Monday, March 28, 2011

I'm going to blog the shit out of you

The other day I had this customer come in 50 minutes before the store closed and purchase a LARGE, HEAVY piece of furniture. I started the whole delivery-for-a-nominal-fee versus "free" pick-up conversation. The customer asked (basically quote) "don't you have some beefy guys that can throw it in the back of my truck?" And I'm, like, "No." I thought he was joking. His tone was even sort of jokey, so I was playful. But when I chuckled and said no, shit got desperately serious.

He actually thought that we paid warehouse guys to stand around the store JUST IN CASE someone wanted to cheap out on delivery and have them hall a clearance floor model piece of furniture to a customer vehicle instead. The customer became pissy and wondered off to bitch into his cell phone.
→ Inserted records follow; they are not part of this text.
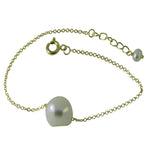 Gold-Dipped Natural "Baroque" Single Pearl Bracelet 7 inch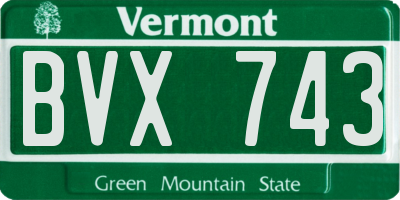 VT license plate BVX743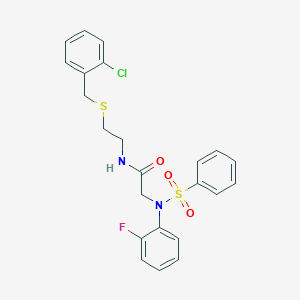 molecular formula C23H22ClFN2O3S2 B300440 N-{2-[(2-chlorobenzyl)sulfanyl]ethyl}-2-[2-fluoro(phenylsulfonyl)anilino]acetamide 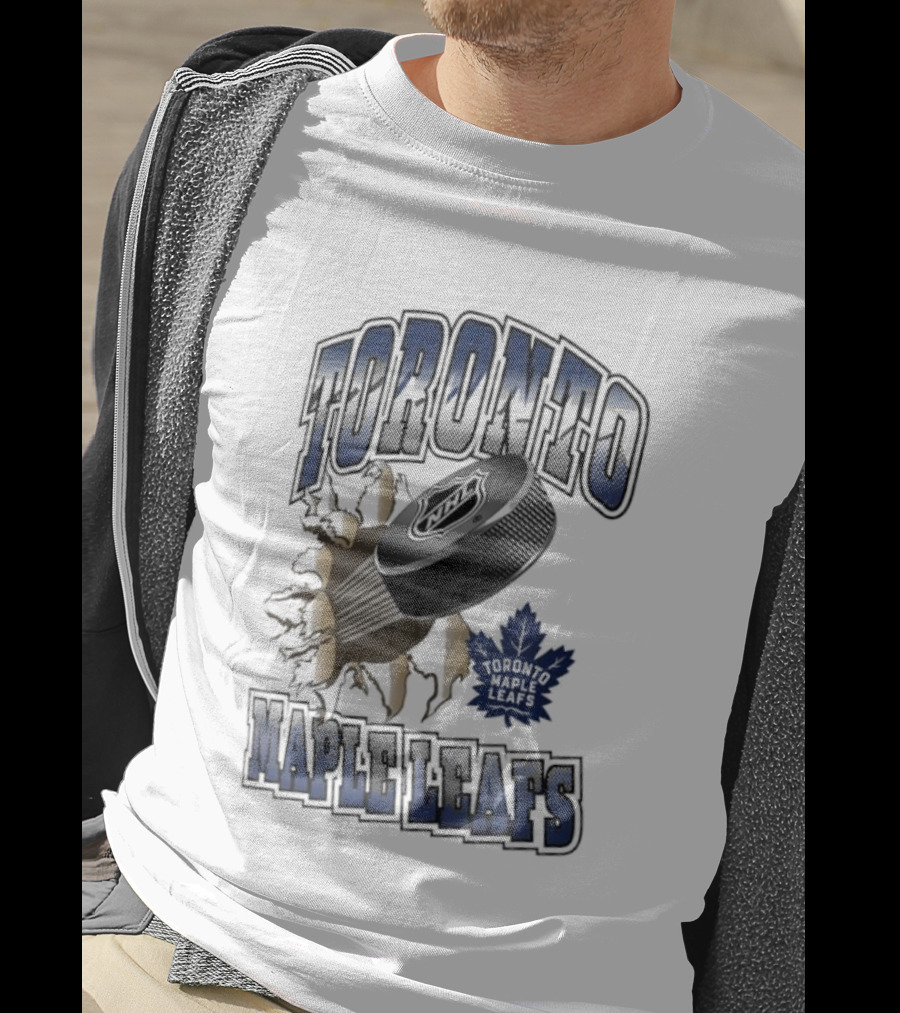Toronto Maple Leafs Puck Breaking Cracked Wall With Maple Leaf Emblem T-Shirt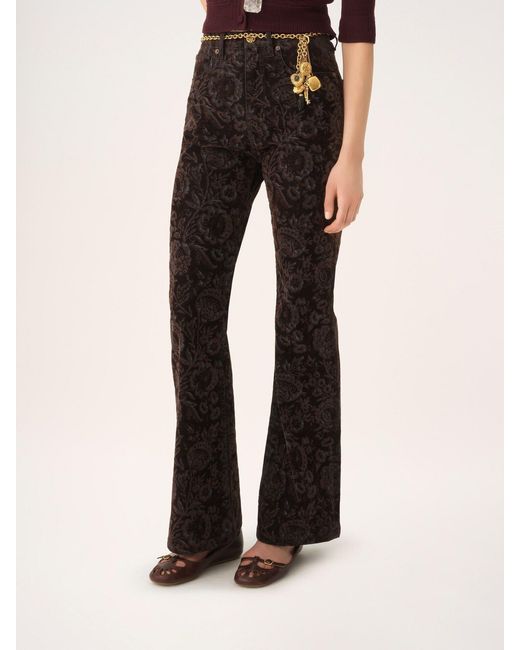 Chloé Black Chloé Floral Flocked Straight-Leg Velvet Pants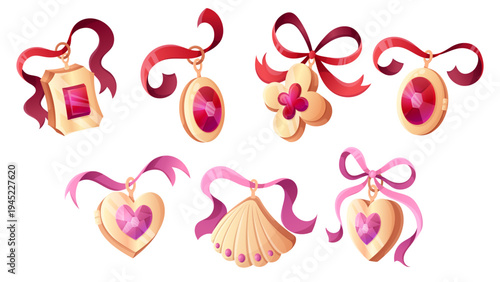 Golden locket collection with pink ribbons, elegant bows and precious gems. Vintage heart and oval, rectangle and scallop shell shaped pendants with delicate lace and whimsical coquette design.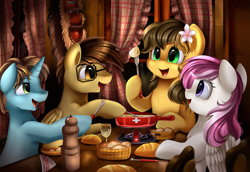 Size: 3701x2550 | Tagged: safe, artist:pridark, imported from derpibooru, oc, oc only, earth pony, pegasus, pony, unicorn, bread, chair, commission, dining room, fondue, food, fork, glass, hoof hold, open mouth, plate, signature, sitting, table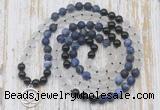 GMN6166 Knotted 8mm, 10mm matte sodalite, white crystal  & black agate 108 beads mala necklace with charm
Meanwhile, I called the warehouse in a panic, hoping that someone was still there and that they would be able to hotfoot it over and haul the merch.

Luckily, someone was at the warehouse and he cheerfully came to help. BUT bitchy man customer was still put out EVEN THOUGH HE WAS GETTING EXACTLY WHAT HE WANTED (in all caps). He sat and pouted for the 12 minutes it took the warehouse staff to get there. I couldn't even look at him. When I did get a glimpse of him in my peripheral, I wanted to puke because he felt the need to keep being a jerk with this silent pissy attitude. Like, let it go man. And though the same could be said for ME, I will say in my defense that I get over situations pretty quickly. If there is some residual crappiness, I write there. But I honestly try to be humble, see both sides, and fucking forgive.

All I could think to pacify myself when he was sitting there is: "I'm gonna blog the shit out of you, unreasonable, stupid man." And that was reassuring.